The little restaurant isn’t much to look at. But people come from across South Korea to eat here.
They come for the potato pancakes, the blood sausage and, very often, for a fried street food that many dreamed of back when nearly everyone they knew was hungry. More than anything, though, they come for memories the food brings back of an outcast homeland they may never see again.
“This is the taste of where they came from,” says the restaurant’s owner, a refugee who asks to be identified only by her surname, Choi. “The food here tastes the way it does in North Korea.”
More than 30,000 North Koreans now live in South Korea. Raised amid dictatorial dysfunction, and normally poorly educated, the exiles stumble into a brutally competitive nation where they are regularly disdained by their neighbors.
“Chon-nom” they are often called – “bumpkin.” That derision, combined with their own disillusionment, can churn into a stew of suspicion, resentment and ambivalence. And though they may hate the nation they left behind, many also miss it deeply. Because how can you not miss home?

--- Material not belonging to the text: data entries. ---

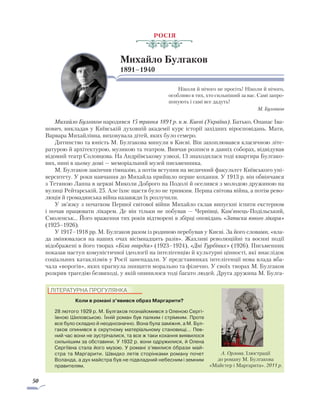 50
Росія
Михайло Булгаков
1891–1940
Ніколи й нічого не просіть! Ніколи й нічого,
особливо в тих, хто сильніший за вас. Самі запро-
понують і самі все дадуть!
М. Булгаков
Михайло Булгаков народився 15 травня 1891 р. в м. Києві (Україна). Батько, Опанас Іва-
нович, викладав у Київській духовній академії курс історії західних віросповідань. Мати,
Варвара Михайлівна, виховувала дітей, яких було семеро.
Дитинство та юність М. Булгакова минули в Києві. Він захоплювався класичною літе-
ратурою й архітектурою, музикою та театром. Вивчав розписи в давніх соборах, відвідував
відомий театр Соловцова. На Андріївському узвозі, 13 знаходилася тоді квартира Булгако-
вих, нині в цьому домі — меморіальний музей письменника.
М. Булгаков закінчив гімназію, а потім вступив на медичний факультет Київського уні-
верситету. У роки навчання до Михайла прийшло перше кохання. У 1913 р. він обвінчався
з Тетяною Лаппа в церкві Миколи Доброго на Подолі й оселився з молодою дружиною на
вулиці Рейтарській, 25. Але їхнє щастя було не тривким. Перша світова війна, а потім рево-
люція й громадянська війна назавжди їх розлучили.
У зв’язку з початком Першої світової війни Михайло склав випускні іспити екстерном
і почав працювати лікарем. Де він тільки не побував — Чернівці, Кам’янець-Подільський,
Смоленськ… Його враження тих років відтворені в збірці оповідань «Записки юного лікаря»
(1925–1926).
У 1917–1918 рр. М. Булгаков разом із родиною перебував у Києві. За його словами, «вла-
да змінювалася на наших очах вісімнадцять разів». Жахливі революційні та воєнні події
відображені в його творах «Біла гвардія» (1923–1924), «Дні Турбіних» (1926). Письменник
показав наступ комуністичної ідеології на інтелігенцію й культурні цінності, які внаслідок
соціальних катаклізмів у Росії занепадали. У представниках інтелігенції нова влада вба-
чала «ворогів», яких прагнула знищити морально та фізично. У своїх творах М. Булгаков
розкрив трагедію безвиході, у якій опинилося тоді багато людей. Друга дружина М. Булга-
ЛІТЕРАТУРНА ПРОГУЛЯНКА
Коли в романі з’явився образ Маргарити?
28 лютого 1929 р. М. Булгаков познайомився з Оленою Сергі­
ївною Шиловською. Їхній роман був палким і стрімким. Проте
все було складно й неоднозначно. Вона була заміжня, а М. Бул-
гаков опинився в скрутному матеріальному становищі... Пев-
ний час вони не зустрічалися, та все ж таки кохання виявилося
сильнішим за обставини. У 1932 р. вони одружилися, й Олена
Сергіївна стала його музою. У романі з’явилися образи май-
стра та Маргарити. Швидко летів сторінками роману почет
Воланда, а дух майстра був не підвладний небесним і земним
правителям.
А. Орлова. Ілюстрації
до роману М. Булгакова
«Майстер і Маргарита». 2011 р.
 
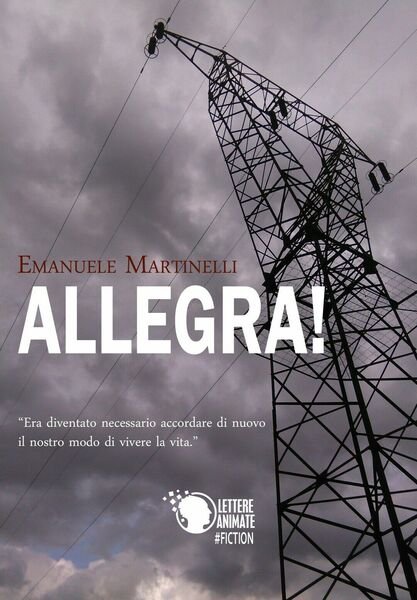 Allegra! di Emanuele Martinelli, 2017, Lettere Animate Editore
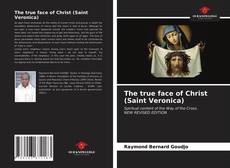 Bookcover of The true face of Christ (Saint Veronica)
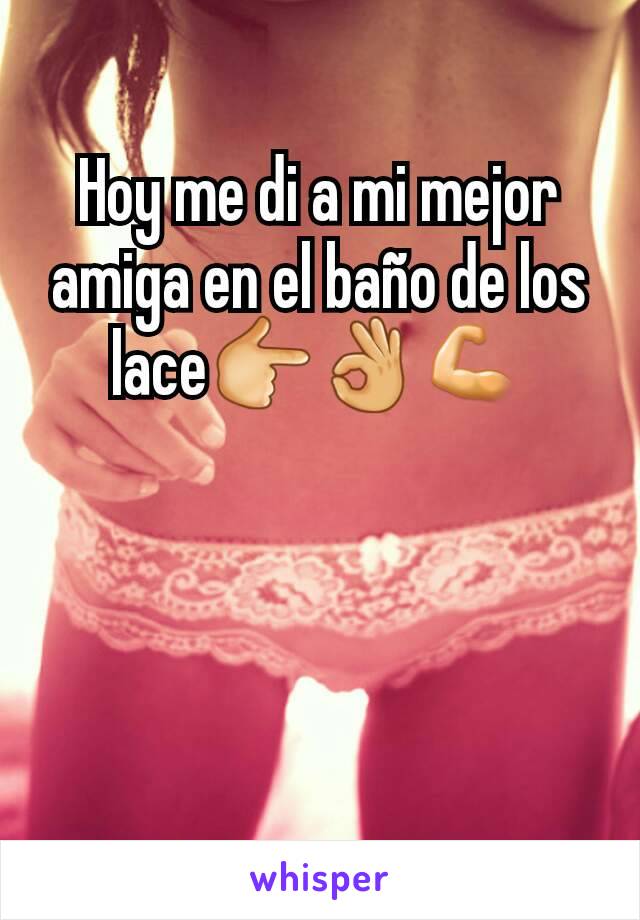 Hoy me di a mi mejor amiga en el baño de los lace👉👌💪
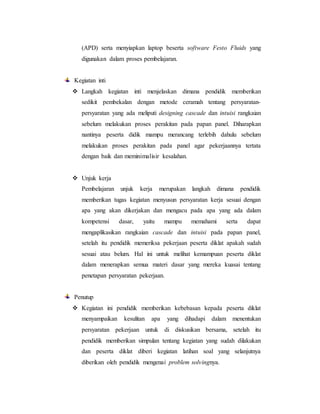 (APD) serta menyiapkan laptop beserta software Festo Fluids yang
digunakan dalam proses pembelajaran.
Kegiatan inti
 Langkah kegiatan inti menjelaskan dimana pendidik memberikan
sedikit pembekalan dengan metode ceramah tentang persyaratan-
persyaratan yang ada meliputi designing cascade dan intuisi rangkaian
sebelum melakukan proses perakitan pada papan panel. Diharapkan
nantinya peserta didik mampu merancang terlebih dahulu sebelum
melakukan proses perakitan pada panel agar pekerjaannya tertata
dengan baik dan meminimalisir kesalahan.
 Unjuk kerja
Pembelajaran unjuk kerja merupakan langkah dimana pendidik
memberikan tugas kegiatan menyusun persyaratan kerja sesuai dengan
apa yang akan dikerjakan dan mengacu pada apa yang ada dalam
kompetensi dasar, yaitu mampu memahami serta dapat
mengaplikasikan rangkaian cascade dan intuisi pada papan panel,
setelah itu pendidik memeriksa pekerjaan peserta diklat apakah sudah
sesuai atau belum. Hal ini untuk melihat kemampuan peserta diklat
dalam menerapkan semua materi dasar yang mereka kuasai tentang
penetapan persyaratan pekerjaan.
Penutup
 Kegiatan ini pendidik memberikan kebebasan kepada peserta diklat
menyampaikan kesulitan apa yang dihadapi dalam menentukan
persyaratan pekerjaan untuk di diskusikan bersama, setelah itu
pendidik memberikan simpulan tentang kegiatan yang sudah dilakukan
dan peserta diklat diberi kegiatan latihan soal yang selanjutnya
diberikan oleh pendidik mengenai problem solvingnya.
 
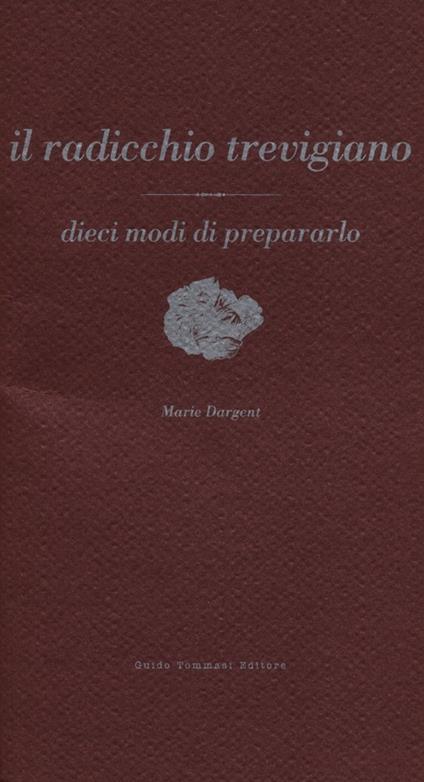 Il radicchio trevigiano - Marie Dargent - copertina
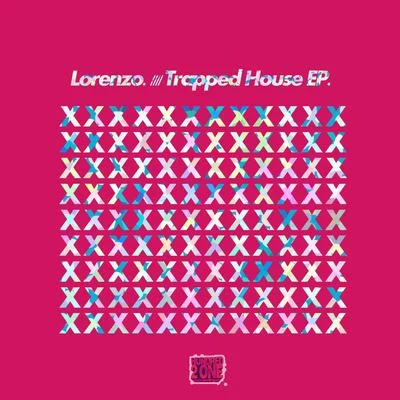 Lorenzo Trapped House EP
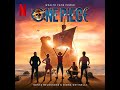 One Piece ⚓ Wealth Fame Power ⚓ 1 Hour 🏴‍☠️ (Official Soundtrack Netflix) #liveaction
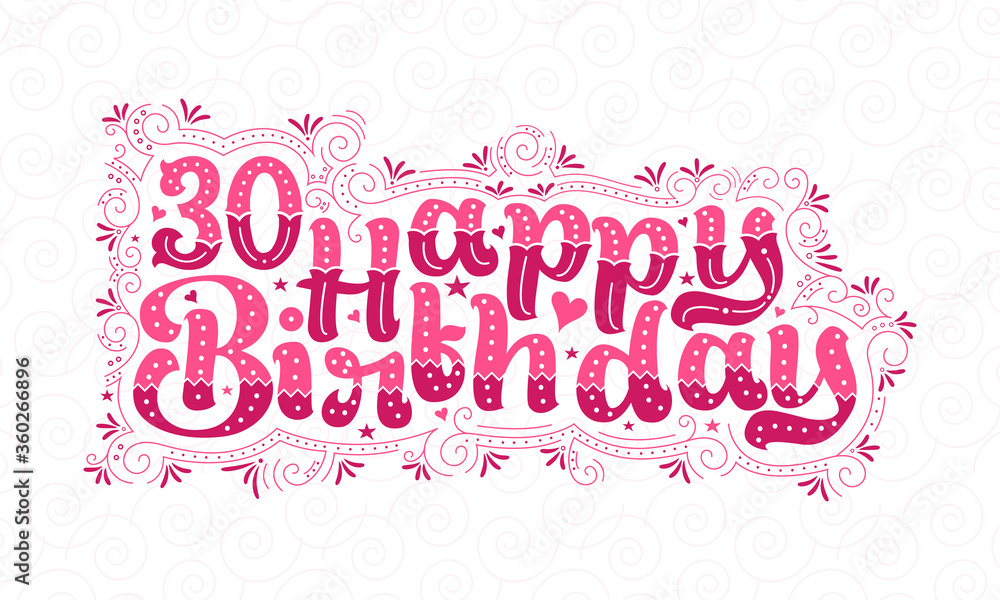30th Happy Birthday lettering, 30 years Birthday beautiful typography design with pink dots, lines, and leaves.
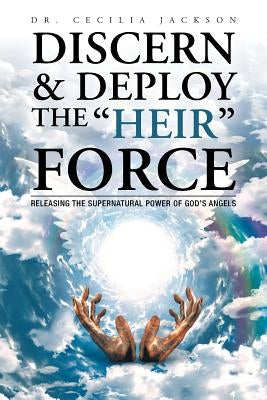 Discern & Deploy the "Heir" Force: Releasing the Supernatural Power of God's Angels by Jackson, Cecilia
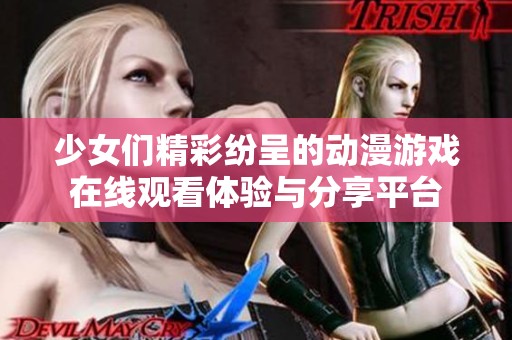 少女们精彩纷呈的动漫游戏在线观看体验与分享平台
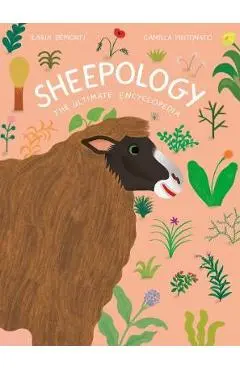 Sheepology: The Ultimate Encyclopedia - Ilaria Demonti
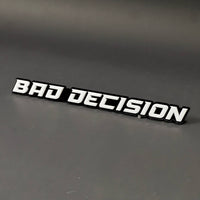 1PC BAD DECISION 3D Acrylic Badge - Car Truck Emblem Fender Sticker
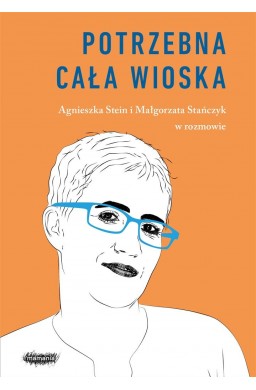 Potrzebna cała wioska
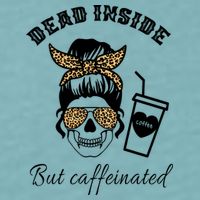 Dead Inside But Caffeinated Sueded Cloud Jersey T-Shirt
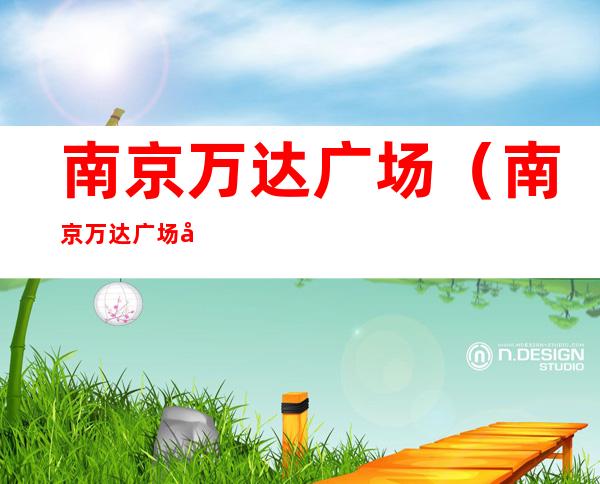 南京万达广场(南京万达广场地铁二号线几号出站口)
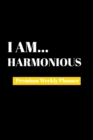I Am Harmonious : Premium Weekly Planner - Book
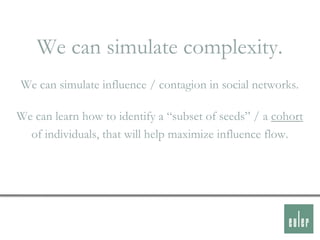 We can simulate complexity.
We can simulate influence / contagion in social networks.

We can learn how to identify a “subset of seeds” / a cohort
  of individuals, that will help maximize influence flow.
 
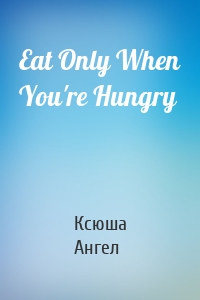 Eat Only When You're Hungry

“Our lives here can be so difficult,” said a North Korean now living in the South. “But finding that restaurant made me so happy.” Choi has built them a tiny island of North Korean life that in a burst of optimism she named Howol-ilga, “People from Different Homelands Come to Gather in One Place.”
“My place is a comfort for them,” says Choi, 39, in a Northern accent so thick it can be barely comprehensible at first to Southerners. “When they come here and find a menu so similar to what they ate back home, they know they can relax.”
That doesn’t surprise Sonia Ryang, an anthropologist at Rice University in Texas who grew up in a pro-North Korea community in Japan, and who has written extensively about the North. To smell injogogibap was to dream of filling your stomach at a time when starvation was wiping out entire neighborhoods. “Far from not wanting to remember, they want to remember,” says Ryang. “Because it was proof that they were alive.”
Choi’s explanation is simpler. During the famine, she says, food was something that could always make people happy.